PARIS: French President Emmanuel Macron said on Thursday he would run for a second term in April’s elections, seeking a mandate to steer the euro zone’s second-largest economy through the fallout of Russia’s invasion of Ukraine and the COVID-19 pandemic.
Macron announced his bid in a letter published by several regional newspapers.
If he succeeds, he would be the first French leader for two decades to win a second term in office.
“We have not achieved everything we set out to do. There are choices that, with the experience I have gained from you, I would probably make differently,” Macron said in the letter, listing the different crises he had to face over the past five years, including militant attacks, COVID, riots and war.
He defended his record, pointing to unemployment at a 15-year low. “I am running to defend our values that the world’s disorders are threatening,” he added.
Without giving a detailed manifesto, Macron said he would continue to cut taxes and push for the French to work more, suggesting a return of an abandoned pension reform. He also hinted at a reform of the education system, saying teachers should be freer and paid better.

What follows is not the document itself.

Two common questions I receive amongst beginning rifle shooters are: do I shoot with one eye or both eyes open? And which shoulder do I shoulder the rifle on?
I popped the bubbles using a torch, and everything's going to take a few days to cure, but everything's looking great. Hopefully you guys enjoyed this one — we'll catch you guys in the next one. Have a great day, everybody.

Macron enters the presidential race just a month or so before the election’s first round on April 10. Opinion polls project that he is favorite to win a contest that sees multiple challengers on the right and left fragmenting the vote.
The Ukraine war has already upended the campaign, complicating Macron’s entry into the race and leaving two far-right contenders who had so far performed strongly in polls to justify their hitherto pro-Russia, pro-Putin stance.

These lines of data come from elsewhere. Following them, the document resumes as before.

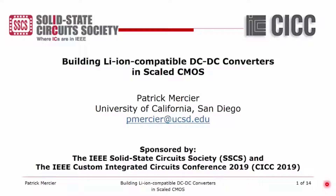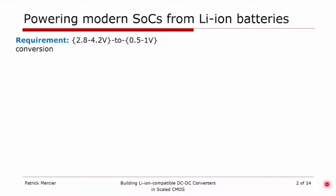Hi, my name is Patrick Mercier. I'm an associate professor at the University of California, San Diego, and today I'll be talking about how to build lithium-ion compatible DC-DC converters in scaled CMOS. The requirement for most modern IoT mobile device applications is that we power our SoCs from a lithium-ion battery. This requires a DC-DC converter that can operate from 2.8 volts all the way up to 4.2 volts and convert voltages down to between 0.5 volts and about 1 volt.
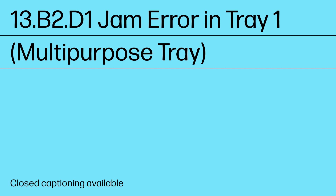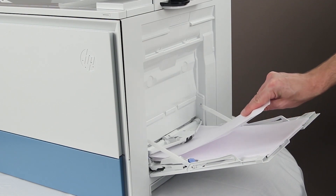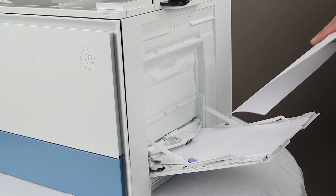13.B2.D1 Jam Error in Tray 1, Multi-Purpose Tray. If you can see the jammed sheet in Tray 1, remove the jammed sheet by gently pulling it straight out.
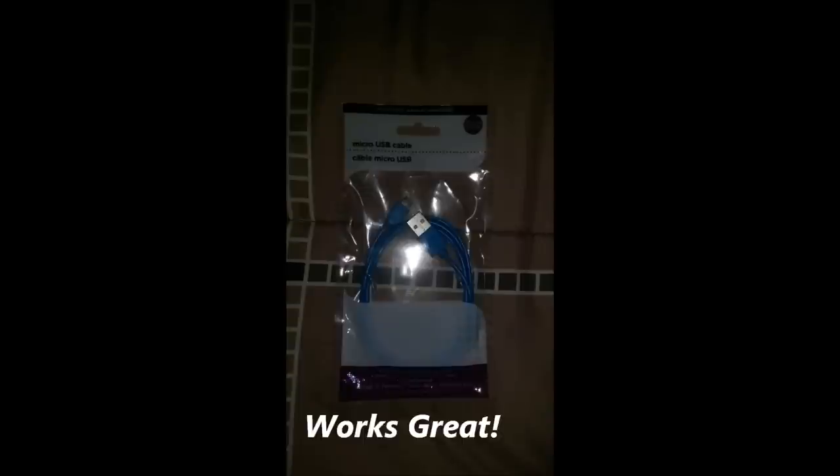I got these Kiss peel-off removal gel polish solution nail strips — it comes with 40 gel strips in the color Moonshine. I got this for my future giveaway. Look at how pretty that is — you can do a French tip or the whole nail. I'm hoping to do my next giveaway at my 500 subscriber mark, though I'm not making any promises. I also got a micro USB cable.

With Macron at the forefront of European efforts to secure a cease-fire and a peaceful resolution to the conflict, a campaign with fewer rallies by the incumbent and an unusual focus on foreign policy lies ahead.
Macron, who has spoken on the phone with Putin 11 times this year, has said he would continue as the war rages on and acknowledged in the letter he will not be able to campaign as he would have liked because of the war.
That may not hurt his chances. Voter surveys have shown a bounce in support for Macron as far-right leaders Marine Le Pen and Eric Zemmour revise their views on relations with Moscow and amid an outpouring of sympathy for Ukrainian refugees.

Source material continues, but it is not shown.